Storms cost Newquay's shell fishermen thousands in lost earnings
HORRENDOUS weather conditions over Christmas and the new year have cost Newquay's shell fishermen thousands of pounds in lost earnings.
Rough seas, high tides and gale-force winds have confined the regular fleet of six boats to the harbour for at least three of the past four weeks, missing out on the lucrative Christmas market for crabs and lobsters in Spain and France.
Newquay skipper Phil Trebilcock said shellfish could fetch twice the normal price on the continent over the festive season.
The shell fishing fleet in Newquay is the largest on the north Cornwall coast and employs around 50 people, directly and indirectly.
"This is the worst I've known it in 40 years of fishing," said Mr Trebilcock. "Wednesday was the first time in three weeks that boats have been out. It's been one thing after the other with the spring tides and low pressure.
"The Christmas market in Spain and France is double what it is in August and September. In Spain they have crabs for Christmas dinner, and the price doubles. If you get bad weather like we've seen then you lose a lot of money."

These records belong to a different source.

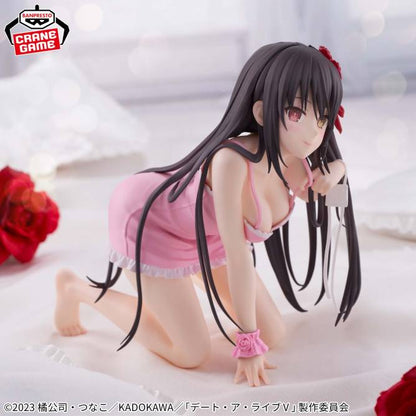 Relax Time Ver Kurumi Tokisaki - Date A Live V [Banpresto]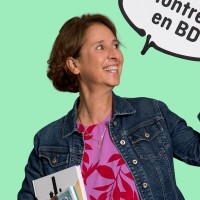 Cécilia Boissy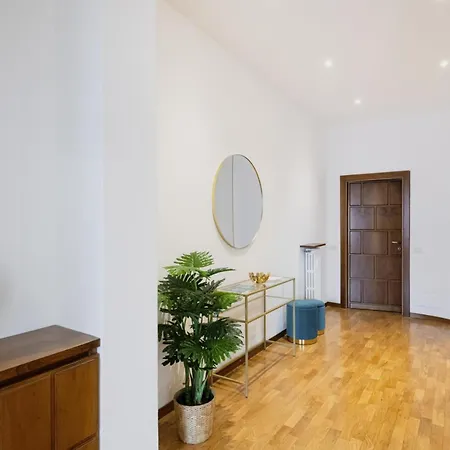 Easylife - Attico Di Lusso A Pochi Passi Dal Duomo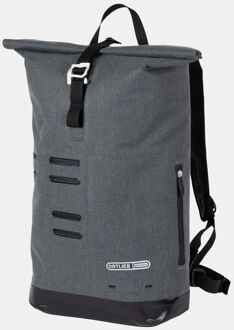 Commuter-Daypack Urban 21L Grijs - One size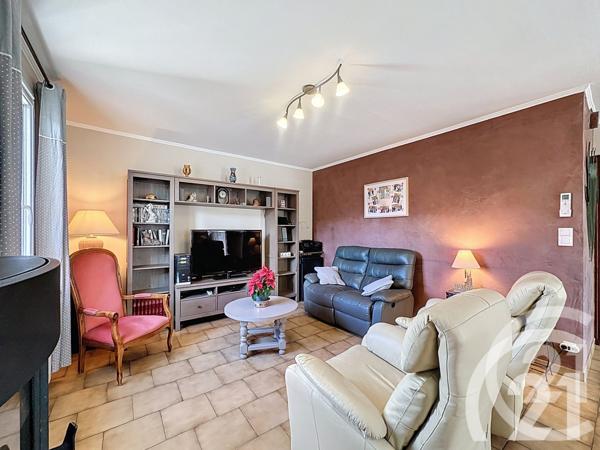 Maison à vendre  5 pièces - 85,35 m2 CAVAILLON - 84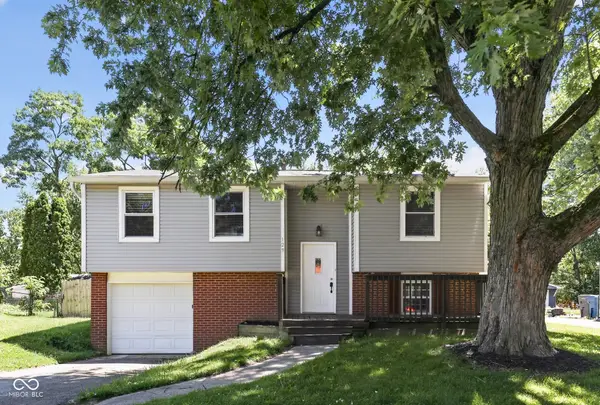 129 Coronado Road, Indianapolis, IN 46234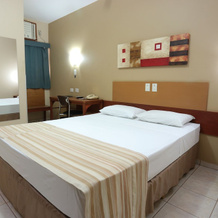 Arco Hotel Araçatuba, 阿拉萨图巴 — 照片 5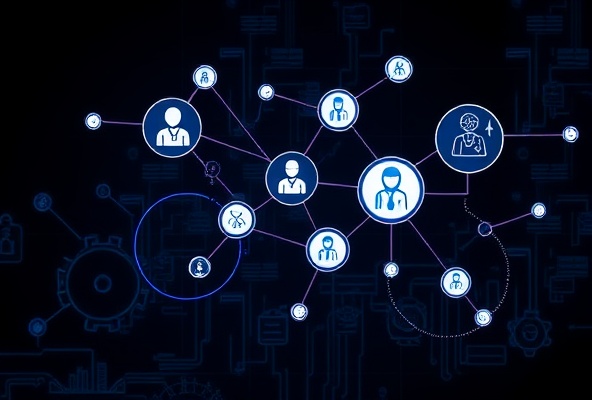 Healthcare automation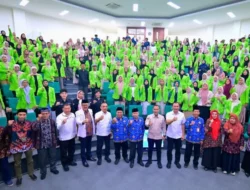 BNPT dan UIN Walisongo Perkuat Literasi Kebangsaan Tangkal Terorisme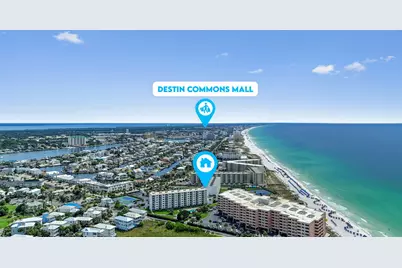 502 Gulf Shore Drive #210, Destin, FL 32541 - Photo 35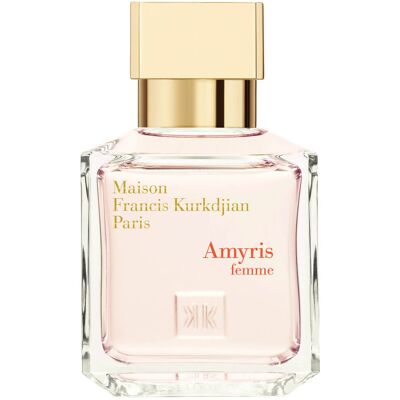 Maison Francis Kurkdjian Amyris Femme Eau de Parfum - Květinově-dřevitá vůně Maison Francis Kurkdjian Amyris Femme Eau de Parfum - Květinově-dřevitá vůně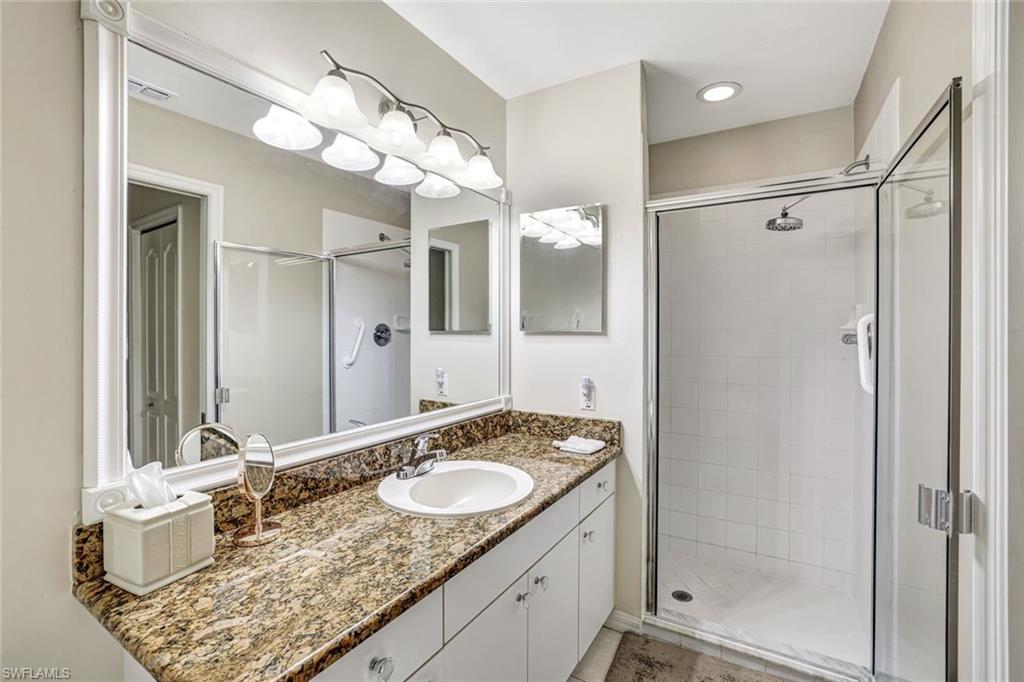 TERRACE II - Residential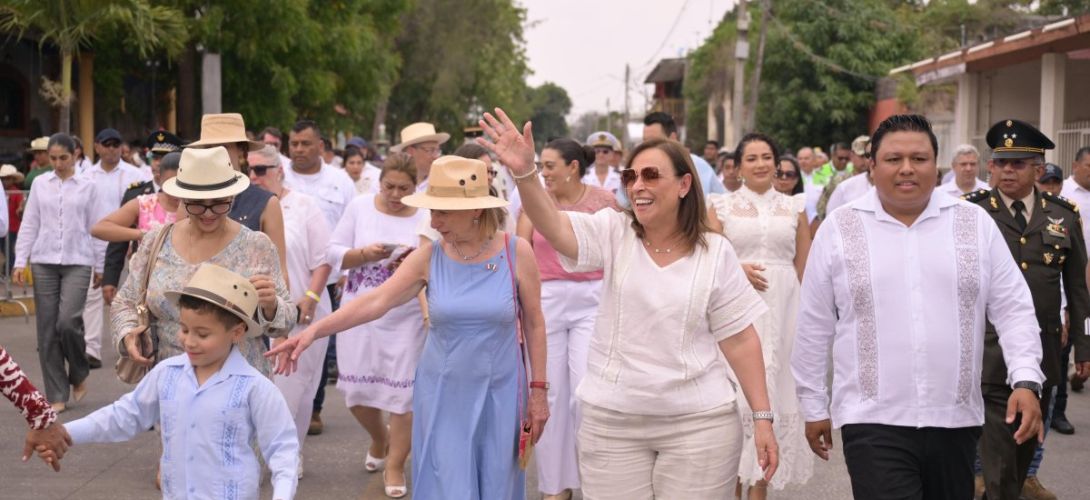 México y Francia refrendan fraternidad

Geoff Brown, also a skipper and Cornwall councillor for the Newquay Central area, said the situation was very serious, and came on the back of a relatively poor year for fishing.
"Some boats have only been out for three days in the whole of December, which means they get very little income," he said. "Until a few years ago they could sign on if they couldn't get out to sea for a sustained period of time, but that law has now been changed so they have nothing to fall back on. They're completely at the mercy of the weather.
"Not only does this impact on the fishermen, it also affects the shore teams, the people in the markets, and the truck drivers. There's a huge knock-on effect. It's very rough for everyone."
Many static lobster pots had been badly damaged or lost in the winter's storms. "This is thousands of pounds' worth of gear, on top of the lost earnings," Mr Brown said.
However, Mr Trebilcock said the Newquay fleet had escaped relatively unscathed.
"The only silver lining is that all our crab pots and gear seem to be OK; there's only been very minor damage," he said. "Let's hope this has all been a one-off and we can get back to fishing."